Colleen is also a certified yoga therapist, and possesses the skills and knowledge to blend both Western and Eastern self-care practices. She has a special appreciation and skill set for practicing Ayurvedic Marma Point Massage, Abhyanga and Shirodhara Head and Scalp treatments. Colleen has studied with renowned Ayurvedic Physician Dr Vasant Lad and has deepened her study of Ayurveda and plant medicine under the tutelage of Jaisri M. Lambert and David Crow.

Colleen takes an integrative and dynamic approach to healing, tailoring treatments to the individual and the ever-changing needs of her clients.

1. How do you begin your day?

Colleen: In my mind, this is Key — how I begin my day sets me up not only for the rest of the day but the momentum I create will compound over time. For the past year or two I have been waking up around 6am like clockwork. I wish I could say every morning begins with a smile, but that doesn’t always surface right away! I am usually optimistic and grateful for my health, my friends and my beautiful children but material worries can override this more often than not.

After I wash my face, I like to begin my day with a warm glass of water or herbal tea like nettle with a teaspoon of ghee and a squirt of lime. The combination of these 3 things — the warm liquid, the good fat and the tangy lime whets my appetite. It provides a nourishing wake up call to my digestion. Then I pull out the tongue scraper and continue my morning routine in the bathroom! …Not so glamorous but that morning routine in Ayurveda has become a constant. It does a few things for me — the tools are great for hygiene and they seem to help to keep my immune system strong. This routine has been a great self-referencing tool which shows me the surface changes in my body when you normally would not be conscious of them at all.
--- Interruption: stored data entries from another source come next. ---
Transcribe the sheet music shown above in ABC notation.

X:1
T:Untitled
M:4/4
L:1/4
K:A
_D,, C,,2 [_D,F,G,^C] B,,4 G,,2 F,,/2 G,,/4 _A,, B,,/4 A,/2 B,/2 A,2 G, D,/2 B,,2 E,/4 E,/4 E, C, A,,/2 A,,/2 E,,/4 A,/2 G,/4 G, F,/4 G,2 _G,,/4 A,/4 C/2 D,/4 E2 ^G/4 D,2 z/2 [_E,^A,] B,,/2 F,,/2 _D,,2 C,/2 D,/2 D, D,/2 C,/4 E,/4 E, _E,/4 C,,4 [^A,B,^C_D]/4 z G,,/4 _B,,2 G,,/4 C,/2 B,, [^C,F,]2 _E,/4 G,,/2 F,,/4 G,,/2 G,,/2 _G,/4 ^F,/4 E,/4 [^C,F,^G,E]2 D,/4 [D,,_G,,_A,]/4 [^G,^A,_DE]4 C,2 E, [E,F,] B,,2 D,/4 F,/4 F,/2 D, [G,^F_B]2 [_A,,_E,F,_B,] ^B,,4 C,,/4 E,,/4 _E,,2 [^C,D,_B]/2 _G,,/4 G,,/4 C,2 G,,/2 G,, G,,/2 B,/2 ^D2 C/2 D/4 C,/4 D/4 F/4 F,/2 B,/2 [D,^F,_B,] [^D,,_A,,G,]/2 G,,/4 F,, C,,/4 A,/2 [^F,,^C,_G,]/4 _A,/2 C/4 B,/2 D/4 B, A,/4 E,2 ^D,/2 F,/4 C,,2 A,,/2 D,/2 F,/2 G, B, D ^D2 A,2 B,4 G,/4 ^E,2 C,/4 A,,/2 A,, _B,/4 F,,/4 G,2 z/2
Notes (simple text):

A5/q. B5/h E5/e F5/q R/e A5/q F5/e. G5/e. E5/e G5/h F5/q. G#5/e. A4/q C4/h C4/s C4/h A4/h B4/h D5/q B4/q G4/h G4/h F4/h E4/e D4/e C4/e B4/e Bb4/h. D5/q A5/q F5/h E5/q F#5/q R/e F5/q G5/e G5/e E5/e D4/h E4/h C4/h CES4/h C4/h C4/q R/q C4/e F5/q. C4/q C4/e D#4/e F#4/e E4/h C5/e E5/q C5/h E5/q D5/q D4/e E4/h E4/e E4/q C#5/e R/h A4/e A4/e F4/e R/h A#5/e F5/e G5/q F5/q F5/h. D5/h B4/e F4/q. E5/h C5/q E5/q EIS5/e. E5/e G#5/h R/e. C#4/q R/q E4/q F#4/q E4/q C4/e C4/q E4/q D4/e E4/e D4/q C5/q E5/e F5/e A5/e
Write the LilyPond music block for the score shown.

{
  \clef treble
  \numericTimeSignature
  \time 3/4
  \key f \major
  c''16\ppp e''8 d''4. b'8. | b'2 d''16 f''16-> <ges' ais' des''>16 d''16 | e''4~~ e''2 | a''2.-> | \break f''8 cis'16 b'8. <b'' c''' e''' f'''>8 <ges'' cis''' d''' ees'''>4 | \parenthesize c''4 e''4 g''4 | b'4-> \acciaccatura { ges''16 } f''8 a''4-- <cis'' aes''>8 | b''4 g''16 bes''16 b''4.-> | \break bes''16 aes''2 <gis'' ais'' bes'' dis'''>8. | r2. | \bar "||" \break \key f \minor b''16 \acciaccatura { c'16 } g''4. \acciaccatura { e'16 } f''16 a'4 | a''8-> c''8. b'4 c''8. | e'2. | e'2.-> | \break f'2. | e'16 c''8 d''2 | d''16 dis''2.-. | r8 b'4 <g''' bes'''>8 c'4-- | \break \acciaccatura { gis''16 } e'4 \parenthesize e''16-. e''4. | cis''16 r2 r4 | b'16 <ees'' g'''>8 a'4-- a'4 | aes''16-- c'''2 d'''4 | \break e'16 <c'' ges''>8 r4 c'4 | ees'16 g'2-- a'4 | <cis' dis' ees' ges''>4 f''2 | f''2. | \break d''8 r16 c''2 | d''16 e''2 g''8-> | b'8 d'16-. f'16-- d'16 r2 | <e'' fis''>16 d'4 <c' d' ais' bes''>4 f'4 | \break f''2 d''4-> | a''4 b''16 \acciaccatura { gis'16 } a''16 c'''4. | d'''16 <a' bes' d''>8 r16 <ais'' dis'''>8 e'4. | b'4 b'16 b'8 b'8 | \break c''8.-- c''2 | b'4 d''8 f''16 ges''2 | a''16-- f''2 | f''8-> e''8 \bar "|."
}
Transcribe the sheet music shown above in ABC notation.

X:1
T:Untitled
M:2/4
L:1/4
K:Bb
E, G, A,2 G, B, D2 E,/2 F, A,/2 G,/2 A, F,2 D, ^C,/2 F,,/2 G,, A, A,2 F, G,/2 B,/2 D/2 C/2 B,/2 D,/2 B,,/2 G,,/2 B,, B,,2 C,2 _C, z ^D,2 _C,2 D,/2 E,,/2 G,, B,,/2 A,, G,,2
I enjoy a short session of pranayama and meditation to settle my mind before I embark, but I will admit that those practices do not happen every day. For exercise I have been loving the pilates in the morning and sometimes Yoga stretches. I then sit down to a bowl of date & nut oatmeal topped with agave and a dollop of ghee. This routine definitely primes my body for a morning of strength and clarity.

2. What’s one piece of life changing health advice you can share with others?
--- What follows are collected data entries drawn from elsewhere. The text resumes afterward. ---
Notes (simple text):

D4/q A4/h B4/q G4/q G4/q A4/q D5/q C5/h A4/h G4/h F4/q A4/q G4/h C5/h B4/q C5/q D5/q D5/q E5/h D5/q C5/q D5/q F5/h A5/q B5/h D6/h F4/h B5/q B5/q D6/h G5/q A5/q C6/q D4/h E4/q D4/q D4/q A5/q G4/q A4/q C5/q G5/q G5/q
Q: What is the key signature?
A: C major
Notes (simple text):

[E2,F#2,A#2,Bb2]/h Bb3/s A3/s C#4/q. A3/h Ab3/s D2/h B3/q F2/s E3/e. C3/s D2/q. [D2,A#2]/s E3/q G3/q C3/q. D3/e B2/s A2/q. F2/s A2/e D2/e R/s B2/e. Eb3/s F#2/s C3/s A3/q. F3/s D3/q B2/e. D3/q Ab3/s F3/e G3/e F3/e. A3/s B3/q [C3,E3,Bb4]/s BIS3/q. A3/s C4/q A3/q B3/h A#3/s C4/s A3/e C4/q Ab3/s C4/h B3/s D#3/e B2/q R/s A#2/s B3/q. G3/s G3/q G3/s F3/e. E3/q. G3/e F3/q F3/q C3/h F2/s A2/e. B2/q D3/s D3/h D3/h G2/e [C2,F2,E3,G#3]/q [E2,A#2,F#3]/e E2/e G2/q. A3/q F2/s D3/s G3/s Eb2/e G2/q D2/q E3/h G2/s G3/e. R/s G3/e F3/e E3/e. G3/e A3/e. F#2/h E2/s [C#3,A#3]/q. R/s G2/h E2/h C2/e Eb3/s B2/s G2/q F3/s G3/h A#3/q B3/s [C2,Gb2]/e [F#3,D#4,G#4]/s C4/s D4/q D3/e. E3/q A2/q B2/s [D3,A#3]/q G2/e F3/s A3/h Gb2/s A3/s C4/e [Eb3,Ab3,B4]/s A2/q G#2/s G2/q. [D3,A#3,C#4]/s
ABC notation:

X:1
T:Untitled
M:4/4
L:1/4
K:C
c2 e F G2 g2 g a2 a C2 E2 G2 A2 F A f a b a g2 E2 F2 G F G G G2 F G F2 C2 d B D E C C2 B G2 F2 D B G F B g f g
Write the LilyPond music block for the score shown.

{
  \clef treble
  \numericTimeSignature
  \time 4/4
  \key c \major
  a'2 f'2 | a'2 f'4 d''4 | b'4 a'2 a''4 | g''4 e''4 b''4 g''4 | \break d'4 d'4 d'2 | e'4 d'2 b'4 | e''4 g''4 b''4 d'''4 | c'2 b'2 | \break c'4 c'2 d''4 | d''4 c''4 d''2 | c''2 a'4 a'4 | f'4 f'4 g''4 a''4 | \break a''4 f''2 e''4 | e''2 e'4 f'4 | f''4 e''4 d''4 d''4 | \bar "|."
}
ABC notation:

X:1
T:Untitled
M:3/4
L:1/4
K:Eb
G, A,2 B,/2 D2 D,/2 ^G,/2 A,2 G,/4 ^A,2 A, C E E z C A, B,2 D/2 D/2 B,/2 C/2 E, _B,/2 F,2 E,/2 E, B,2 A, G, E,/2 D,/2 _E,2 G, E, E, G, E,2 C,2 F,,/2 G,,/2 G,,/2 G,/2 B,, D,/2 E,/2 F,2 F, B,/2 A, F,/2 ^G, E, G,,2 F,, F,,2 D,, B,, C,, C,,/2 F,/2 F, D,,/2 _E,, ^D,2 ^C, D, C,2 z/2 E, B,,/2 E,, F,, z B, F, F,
Colleen: Less is Best. Through trial and error, I have learnt about this one the hard way! My teacher Dr. Lad says this often and he also shares the importance of doing things at half your capacity.

3. What’s one thing that gives you hope for the future?
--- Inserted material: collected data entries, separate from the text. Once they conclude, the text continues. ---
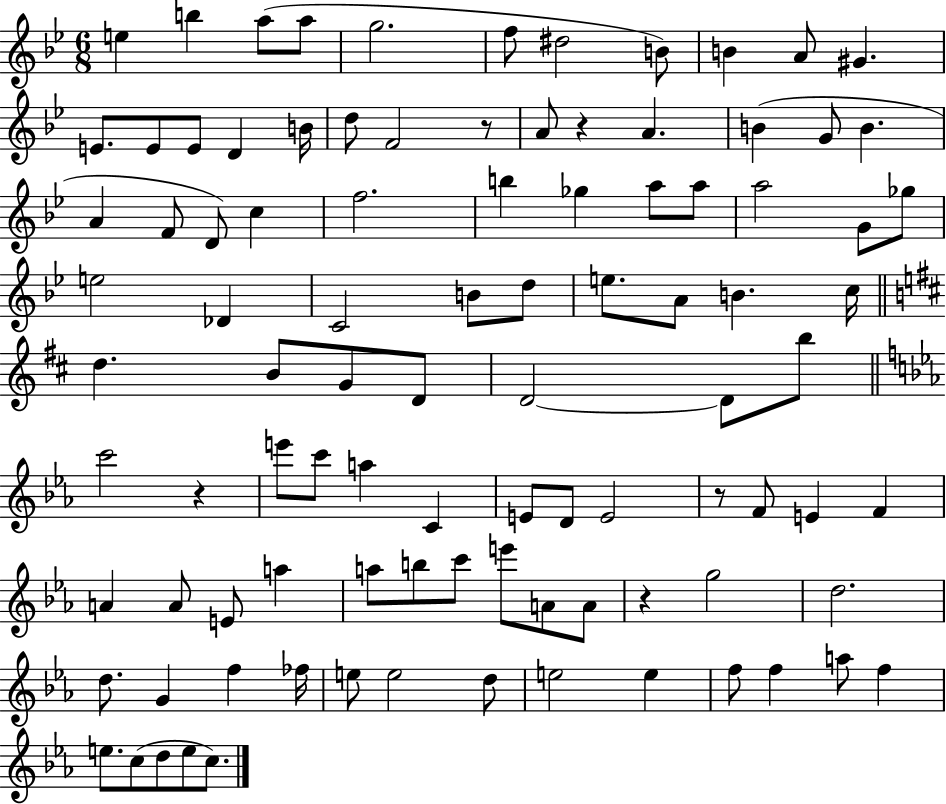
{
  \clef treble
  \numericTimeSignature
  \time 6/8
  \key bes \major
  \repeat volta 2 { e''4 b''4 a''8( a''8 | g''2. | f''8 dis''2 b'8) | b'4 a'8 gis'4. | \break e'8. e'8 e'8 d'4 b'16 | d''8 f'2 r8 | a'8 r4 a'4. | b'4( g'8 b'4. | \break a'4 f'8 d'8) c''4 | f''2. | b''4 ges''4 a''8 a''8 | a''2 g'8 ges''8 | \break e''2 des'4 | c'2 b'8 d''8 | e''8. a'8 b'4. c''16 | \bar "||" \break \key d \major d''4. b'8 g'8 d'8 | d'2~~ d'8 b''8 | \bar "||" \break \key ees \major c'''2 r4 | e'''8 c'''8 a''4 c'4 | e'8 d'8 e'2 | r8 f'8 e'4 f'4 | \break a'4 a'8 e'8 a''4 | a''8 b''8 c'''8 e'''8 a'8 a'8 | r4 g''2 | d''2. | \break d''8. g'4 f''4 fes''16 | e''8 e''2 d''8 | e''2 e''4 | f''8 f''4 a''8 f''4 | \break e''8. c''8( d''8 e''8 c''8.) | } \bar "|."
}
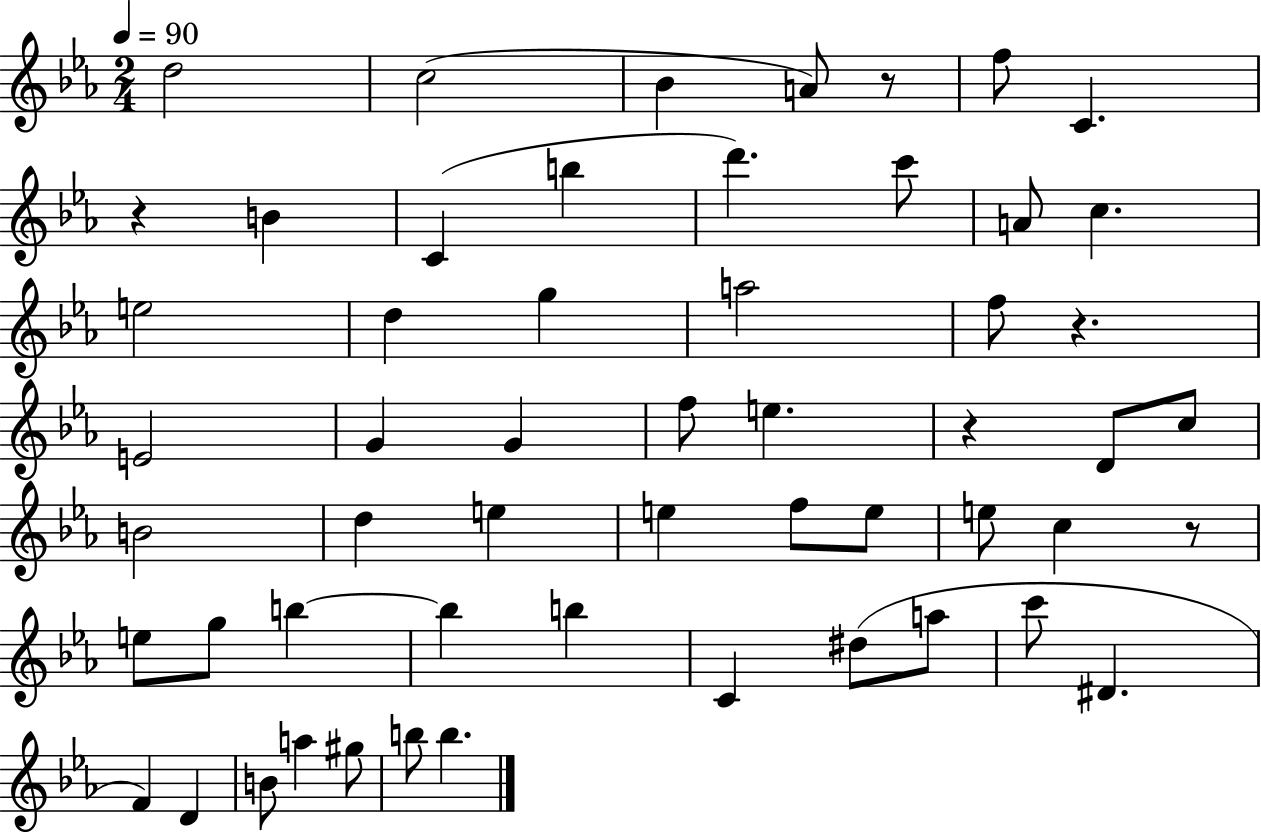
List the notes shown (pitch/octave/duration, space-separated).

D5/h C5/h Bb4/q A4/e R/e F5/e C4/q. R/q B4/q C4/q B5/q D6/q. C6/e A4/e C5/q. E5/h D5/q G5/q A5/h F5/e R/q. E4/h G4/q G4/q F5/e E5/q. R/q D4/e C5/e B4/h D5/q E5/q E5/q F5/e E5/e E5/e C5/q R/e E5/e G5/e B5/q B5/q B5/q C4/q D#5/e A5/e C6/e D#4/q. F4/q D4/q B4/e A5/q G#5/e B5/e B5/q.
Colleen: It’s not the years in your life that count, it’s the life in your years.

4. Any lifestyle ‘Crimes against Wisdom’ (Prajnaparadha) that challenge you?

Colleen: Worry! I am a worry wart. I try to have a sense of humour about it because my intelligent mind knows that I can shift my rationale at any given time. “Worry does not empty tomorrow of its sorrow; it empties today of its strength.” Nevertheless I get stuck in the carousal thoughts of wasted energy. If I don’t receive some validation from a sign, a message, a person, a smile or a compliment then the worry is triggered.

Fortunately I have discovered some great tools of strength and continue to be inspired by new ones. My favourites are a walk in the forest, a pranayama practice and laughing with my kids, interestingly they all involve movement of breath. When worry consumes I take action and reach for these reliable therapies.

5. A moment of beauty that inspired you today?

Colleen: To me, there is nothing more beautiful than to see a mature couple showing love and respect for one another. Today at work, while I was waiting for my client to complete their medical intake form, I glanced over and saw a couple in their 60’s sitting close talking, touching and smiling as if they were two young lovers. It struck a deep chord in my heart. I thought not only does their affection for one another resonate far and spill over onto others, but how rare it is to see this. The tender display of respect inspires me with beauty and happiness and encourages me to create this more in my life.

Thank you for the interview, Colleen. Om Shanti!